Every line in the data below from the one containing "Alo Yoga Shanti" down to the one containing "Large vintage industrial", both included, must be retyped exactly; no other line is to appear.

### Data provided
[Start of section]
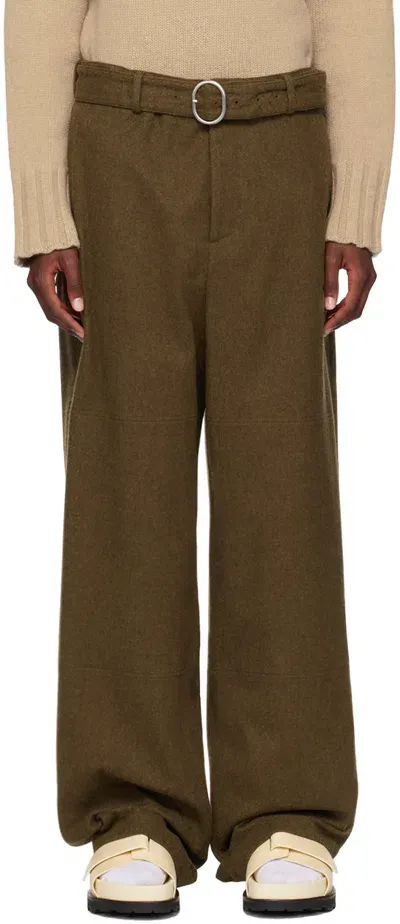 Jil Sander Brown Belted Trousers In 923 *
[End of section]
[Start of section]
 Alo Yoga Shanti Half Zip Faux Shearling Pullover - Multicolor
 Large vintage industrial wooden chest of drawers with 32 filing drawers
[End of section]
### Exercise output
 Alo Yoga Shanti Half Zip Faux Shearling Pullover - Multicolor
 Large vintage industrial wooden chest of drawers with 32 filing drawers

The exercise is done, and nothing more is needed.